Pemerintah berharap seluruh perusahaan dapat mematuhi aturan ini demi kesejahteraan pekerja menjelang hari raya.

Sebelumnya, Presiden Prabowo Subianto menegaskan bahwa pekerja di sektor transportasi dan logistik berbasis aplikasi telah memberikan kontribusi besar, sehingga mereka berhak mendapatkan apresiasi dalam bentuk bonus Hari Raya Idul Fitri.

"Tahun ini Pemerintah menaruh perhatian khusus kepada pengemudi dan kurir online yang telah memberikan kontribusi yang penting dalam mendukung pelayanan transportasi dan logistik di Indonesia," ujar Prabowo dalam konferensi pers THR Lebaran di Istana Negara, Jakarta, Senin (10/3/2025).

Sebagai bentuk penghargaan atas kerja keras mereka, pemerintah mengimbau perusahaan aplikasi transportasi dan pengiriman untuk memberikan bonus dalam bentuk uang tunai, dengan mempertimbangkan keaktifan kerja masing-masing pengemudi dan kurir.

Mekanisme dan Besaran Bonus
Presiden Prabowo menjelaskan bahwa besaran bonus akan disesuaikan dengan tingkat keaktifan pengemudi dan kurir dalam bekerja.
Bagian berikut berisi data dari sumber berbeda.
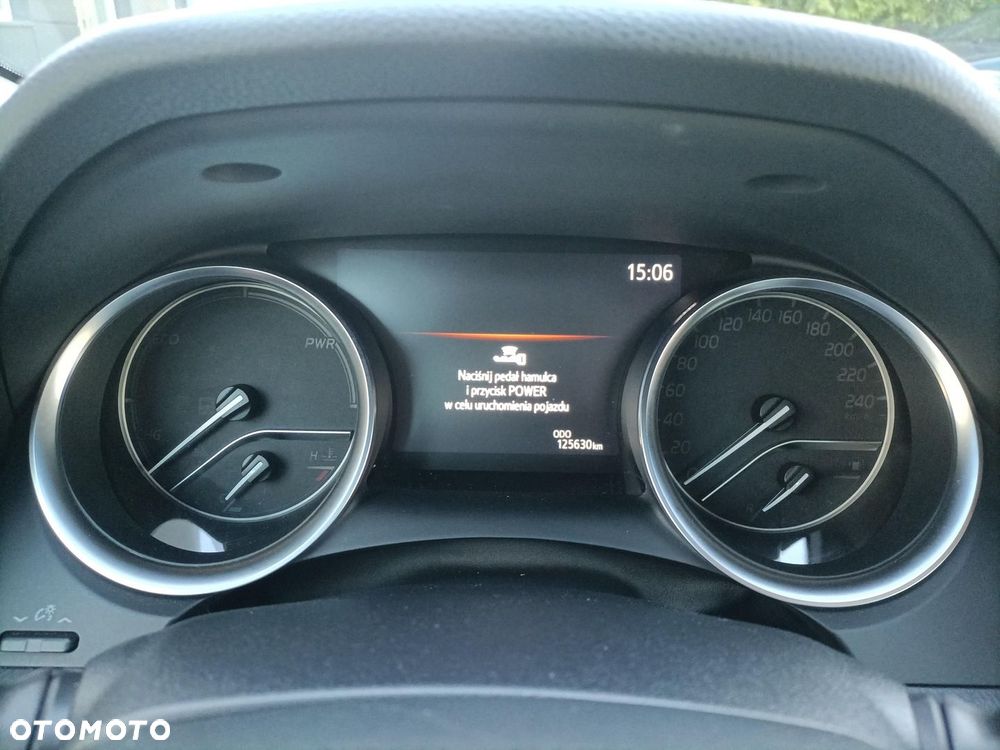 Toyota Camry 2.5 Hybrid Executive CVT - 14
Menteri Ketenagakerjaan nantinya akan merumuskan mekanisme dan besaran bonus melalui Surat Edaran yang akan segera diumumkan.

"Untuk besaran dan mekanisme bonus hari raya ini, kita serahkan nanti akan dirundingkan dan akan disampaikan Menteri Ketenagakerjaan melalui Surat Edaran," tambahnya.

Pemerintah berharap kebijakan ini dapat memberikan manfaat nyata bagi sekitar 250 ribu pengemudi dan kurir online aktif, serta 1-1,5 juta pekerja paruh waktu di sektor ini, agar mereka dapat menikmati libur dan mudik Lebaran dengan kondisi lebih baik.

Permasalahan Status Hukum Pengemudi Ojol
Namun, di balik kebijakan ini, masih terdapat dilema hukum terkait status pengemudi ojol. Hingga kini, ojek online belum mendapatkan pengakuan resmi sebagai transportasi umum dalam Undang-Undang Lalu Lintas dan Angkutan Jalan (UU LLAJ) No. 22 Tahun 2009.

Menurut Analis Kebijakan Transportasi, Azas Tigor Nainggolan, ketidakjelasan status hukum ini membuat perusahaan aplikasi tetap menganggap pengemudi ojol sebagai mitra, bukan pekerja. Akibatnya, mereka tidak memiliki hak yang sama seperti pekerja sektor transportasi lainnya, termasuk dalam Tunjangan Hari Raya (THR).

"Masalah sesungguhnya ojek online adalah tidak adanya regulasi hukum yang mengakui mereka dalam sistem hukum transportasi nasional. Akibatnya, isu THR kepada pengemudi ojol selalu muncul setiap tahun tanpa ada kepastian," jelas Azas.

Ia menekankan bahwa tanpa regulasi yang jelas, pengemudi ojol tetap berada dalam posisi lemah dalam hubungan kerja dengan perusahaan aplikasi, menghadapi pemotongan komisi hingga 25%, kebijakan pemutusan mitra yang sewenang-wenang, serta tarif yang sering kali merugikan mereka.